* **INFORMATION SUPPLIED**

========

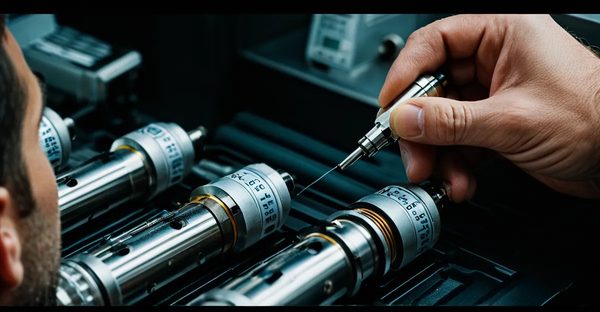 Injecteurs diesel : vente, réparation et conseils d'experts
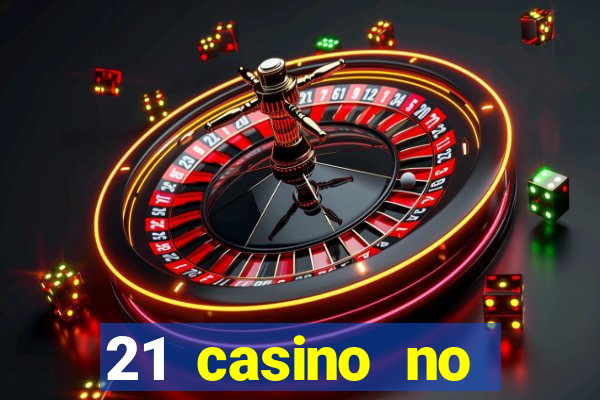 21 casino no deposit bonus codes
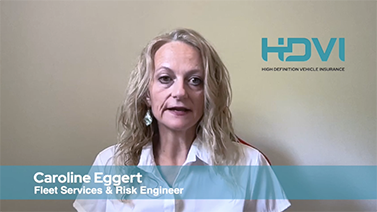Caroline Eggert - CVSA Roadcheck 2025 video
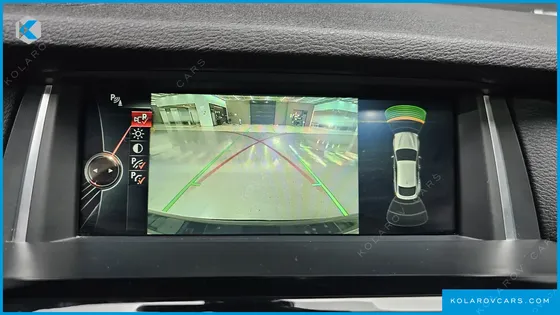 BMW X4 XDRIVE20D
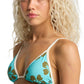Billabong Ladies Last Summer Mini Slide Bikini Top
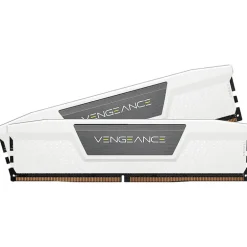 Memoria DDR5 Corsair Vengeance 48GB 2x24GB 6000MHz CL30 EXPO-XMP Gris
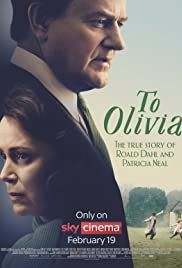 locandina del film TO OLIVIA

========

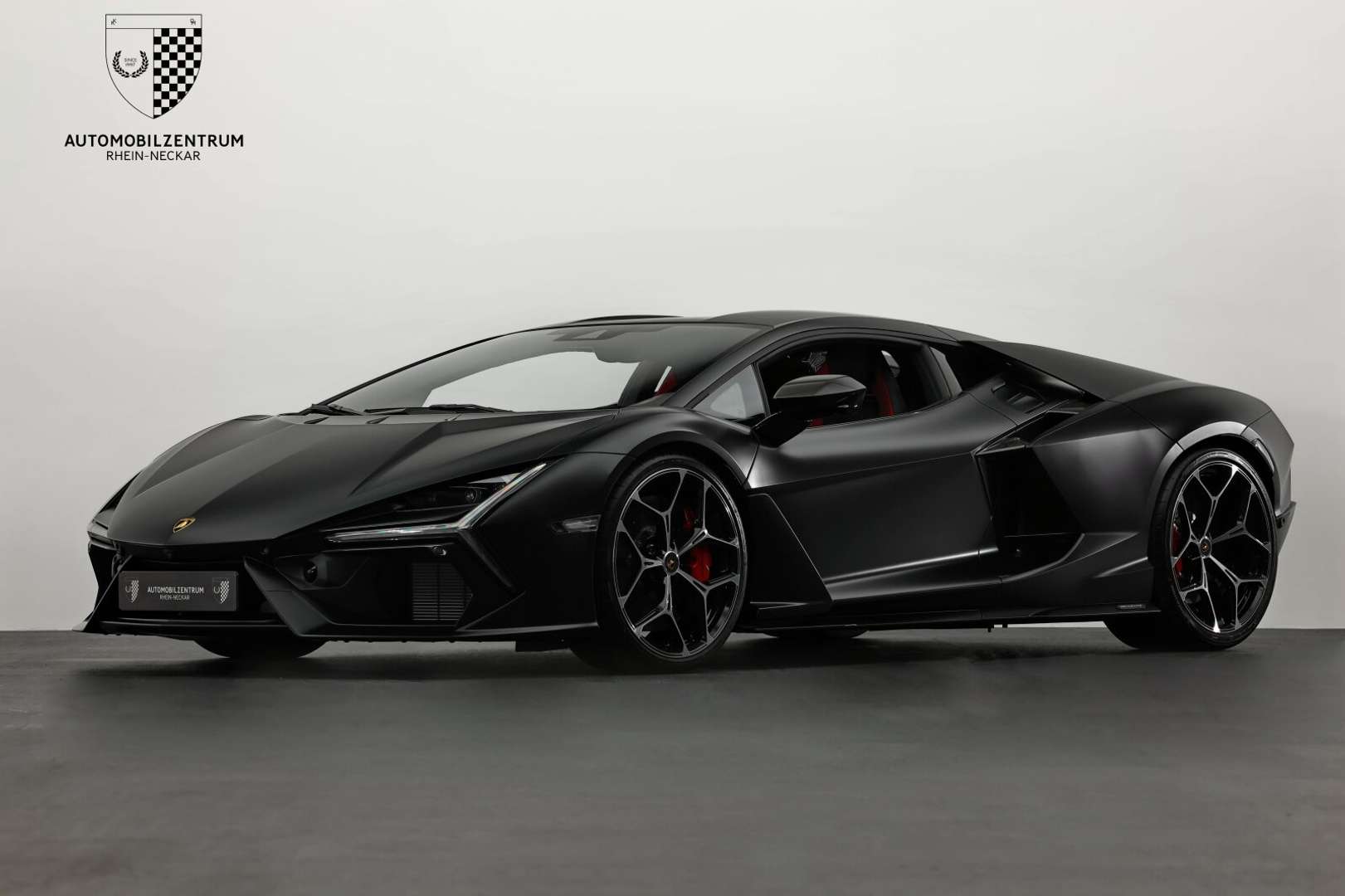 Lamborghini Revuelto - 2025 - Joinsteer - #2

========

* **WHAT NEEDS TO BE DONE**
Pictures aside, print exactly the lines above starting with the one containing "Billabong Ladies Last" and going on through the one containing "locandina del film TO OLIVIA".

* **ANSWER TO THE EXERCISE**
Billabong Ladies Last Summer Mini Slide Bikini Top
 Memoria DDR5 Corsair Vengeance 48GB 2x24GB 6000MHz CL30 EXPO-XMP Gris
 locandina del film TO OLIVIA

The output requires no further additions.